-- YOUR GOAL --
Your copy of the entries below should hold exactly the lines from the one containing "ขายรถเกี่ยวข้าว วิชาญ เครื่อง195เทอร์โบ" to the one containing "Zdjęcie w galerii", inclusive, and no pictures.

Start of RECORDS PROVIDED

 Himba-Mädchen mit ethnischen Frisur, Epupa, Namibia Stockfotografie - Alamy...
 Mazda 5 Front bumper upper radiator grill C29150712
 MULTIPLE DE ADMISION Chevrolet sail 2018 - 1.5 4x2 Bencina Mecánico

End of RECORDS PROVIDED
Start of RECORDS PROVIDED

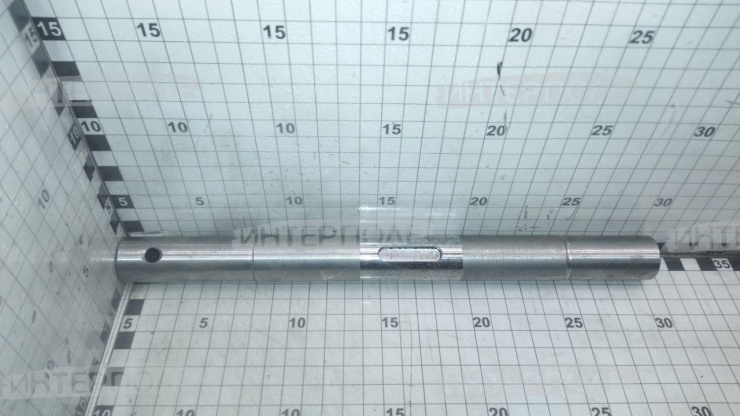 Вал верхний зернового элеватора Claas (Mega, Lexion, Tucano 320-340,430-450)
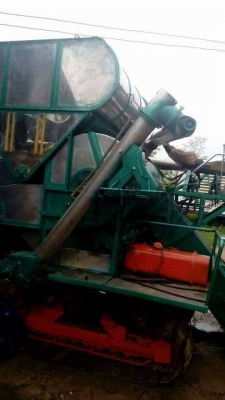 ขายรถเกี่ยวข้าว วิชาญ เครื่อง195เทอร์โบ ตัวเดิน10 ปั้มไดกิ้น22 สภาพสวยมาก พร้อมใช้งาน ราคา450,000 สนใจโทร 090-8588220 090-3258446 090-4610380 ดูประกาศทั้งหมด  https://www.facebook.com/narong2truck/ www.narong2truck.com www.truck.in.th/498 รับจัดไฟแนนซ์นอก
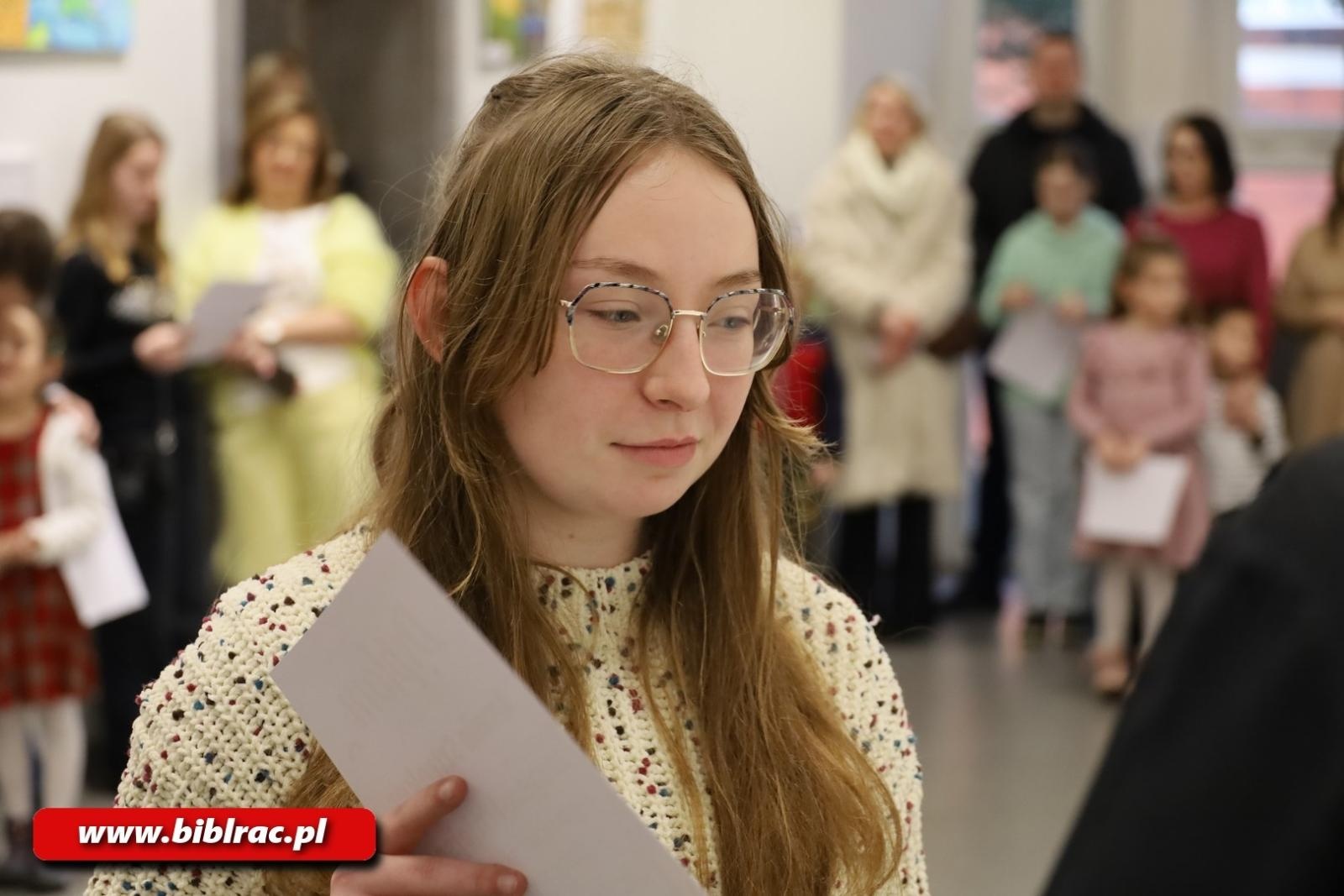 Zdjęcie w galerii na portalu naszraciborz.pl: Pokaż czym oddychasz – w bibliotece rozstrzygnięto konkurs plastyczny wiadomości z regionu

End of RECORDS PROVIDED
Start of RECORDS PROVIDED

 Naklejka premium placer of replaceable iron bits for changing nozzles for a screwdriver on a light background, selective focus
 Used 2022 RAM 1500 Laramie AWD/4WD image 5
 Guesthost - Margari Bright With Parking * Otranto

End of RECORDS PROVIDED

-- RESULT --
 ขายรถเกี่ยวข้าว วิชาญ เครื่อง195เทอร์โบ ตัวเดิน10 ปั้มไดกิ้น22 สภาพสวยมาก พร้อมใช้งาน ราคา450,000 สนใจโทร 090-8588220 090-3258446 090-4610380 ดูประกาศทั้งหมด  https://www.facebook.com/narong2truck/ www.narong2truck.com www.truck.in.th/498 รับจัดไฟแนนซ์นอก
 Zdjęcie w galerii na portalu naszraciborz.pl: Pokaż czym oddychasz – w bibliotece rozstrzygnięto konkurs plastyczny wiadomości z regionu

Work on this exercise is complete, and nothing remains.